Barbara Barrigan-Parrilla, 209-479-2053
Tim Stroshane, 510-847-7556
A “Surrender Dorothy” Effort To Save WaterFix By The Brown Administration
Stockton – Documents released to the Planning and Conservation League via a public records act request this week reveal details of the “No Harm Agreement” between the California Department of Water Resources (DWR) and the Federal Bureau of Reclamation (the Bureau) regarding California WaterFix. In addition, a “Letter of Dismissal,” a document demanding that specific water districts and local government agencies abandon their case-in-chiefs opposing WaterFix before the State Water Resources Control Board (SWRCB), was also included in the document release, but not previously reported in media accounts of what was transpiring in the water deal cut between the Brown and Trump administrations.
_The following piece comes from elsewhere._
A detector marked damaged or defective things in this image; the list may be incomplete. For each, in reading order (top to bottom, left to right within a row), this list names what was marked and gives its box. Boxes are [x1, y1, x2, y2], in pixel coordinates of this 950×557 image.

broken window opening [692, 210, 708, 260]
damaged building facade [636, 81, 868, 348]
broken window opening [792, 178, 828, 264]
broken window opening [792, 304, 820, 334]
Both documents can be read here and here.
It is worth noting that the “Letter of Dismissal,” which states DWR’s expectations of specific parties to withdraw from WaterFix hearings, does not indicate that the listed parties have agreed to the terms asserted by the Department of Water Resources within the letter itself.
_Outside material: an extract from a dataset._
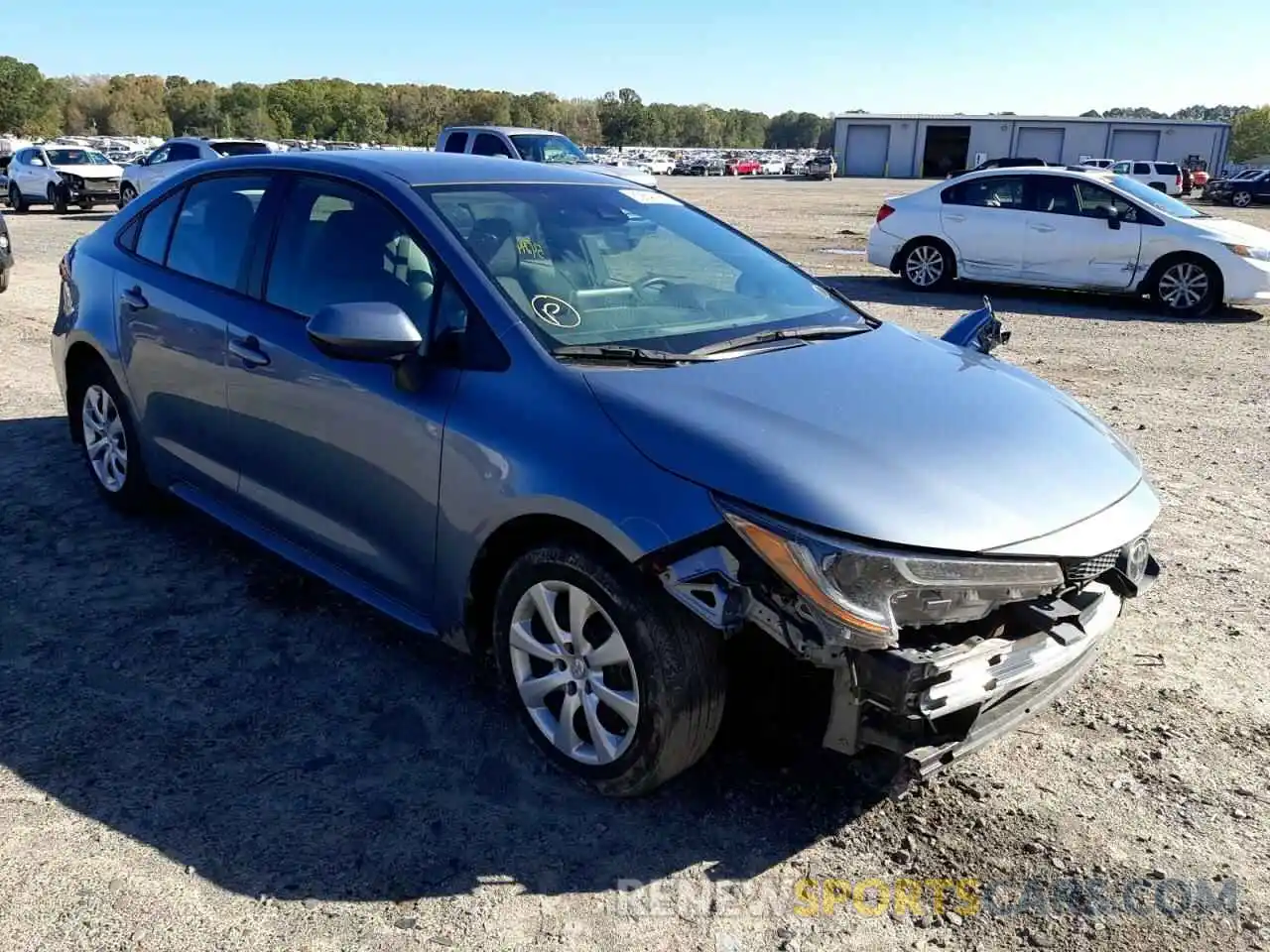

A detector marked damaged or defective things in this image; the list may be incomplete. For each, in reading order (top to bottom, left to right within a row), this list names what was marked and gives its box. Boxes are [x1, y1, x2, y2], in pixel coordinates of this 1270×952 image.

damaged front end [650, 500, 1158, 781]
crumpled front bumper [823, 578, 1132, 776]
Restore the Delta’s Executive Director, Barbara Barrigan-Parrilla, noted:
“The ‘Letter of Dismissal’ by DWR’s Karla Nemeth addressed to specific parties participating in the WaterFix hearings reads like a “surrender Dorothy” demand – absolute in its insistence without any indication of interest in cooperation by the listed parties. It seems like Governor Brown’s final grand water bargain is an attempt to bully protesting parties into capitulation, and a presentation of alternative facts in side deals that do not match up with what is transpiring before the SWRCB regarding the future of the San Francisco Bay-Delta estuary.”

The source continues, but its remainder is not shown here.